With my Best Wishes from Provence,
Heather
Elizabeth says
Love this. We all struggle with “What is art” to us.
David says
Beautifully composed, an art installation piece of your own! More please!
Shelley says
Though my mother was an artist, hers was very (go away and google) figurative (the opposite of abstract). I haven’t had much exposure to other types of art until middle age. In working with my own craft projects I get huge pleasure just from the colours and textures of fabric, whether or not I manage to make anything pretty or functional; for me the process has meaning (though I do prefer a functional outcome). I’m afraid I’m not particularly artistic, being tyrannized by my left brain.
Sara gilbert says
Gorgeous storytelling as usual- love every line and the pictures your words paint. 😉
D. A. Wolf says
Brian,
Thank you so much for this eloquent piece of writing that encourages me to see differently – and to continue requiring myself to feel rather than to simply “see.” And thank you for sharing your storytelling talent with us here. I hope you will again. It’s been pure pleasure.
Barbara says
Oh the wisdom and delight and innocence and absolutely spontaneous wisdom of children. I loved this, Brian! Is interpretation a prerequisite for appreciation? Such a thought provoking question. This was a delightful, artistic meander of a read. Love, indeed, is the best interpretation. And it’s enough.

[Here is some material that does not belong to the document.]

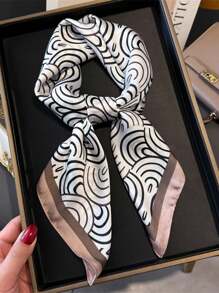 1pc Bandana With Geometric Print, Versatile Headband/Scarf/Neckerchief For Daily Use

Privilege of Parenting says
Hi Brian, Very transporting piece—really enjoyed it. I’ll share a memory it evoked: I used to live in New York, on Thompson Street, when I was in film school preparing for what would later turn out to be a future career in psychology. I often ate at a little unpretentious sushi bar down the block and one time a friend who was dining with me leaned over and whispered, “That’s Susan Sontag over there…” I had not read her, and still have her on my list to read, but not yet; however, now that I knew it was her, I often saw her eating there alone, usually Sunday early evening, I was usually alone on Sunday too, it was the mid 80’s before I’d met my wife, before Susan had met Annie Leibovitz. I never said a word to her, but I watched her form, me an aspiring artist with grand ideas and she a legend even though I knew only that.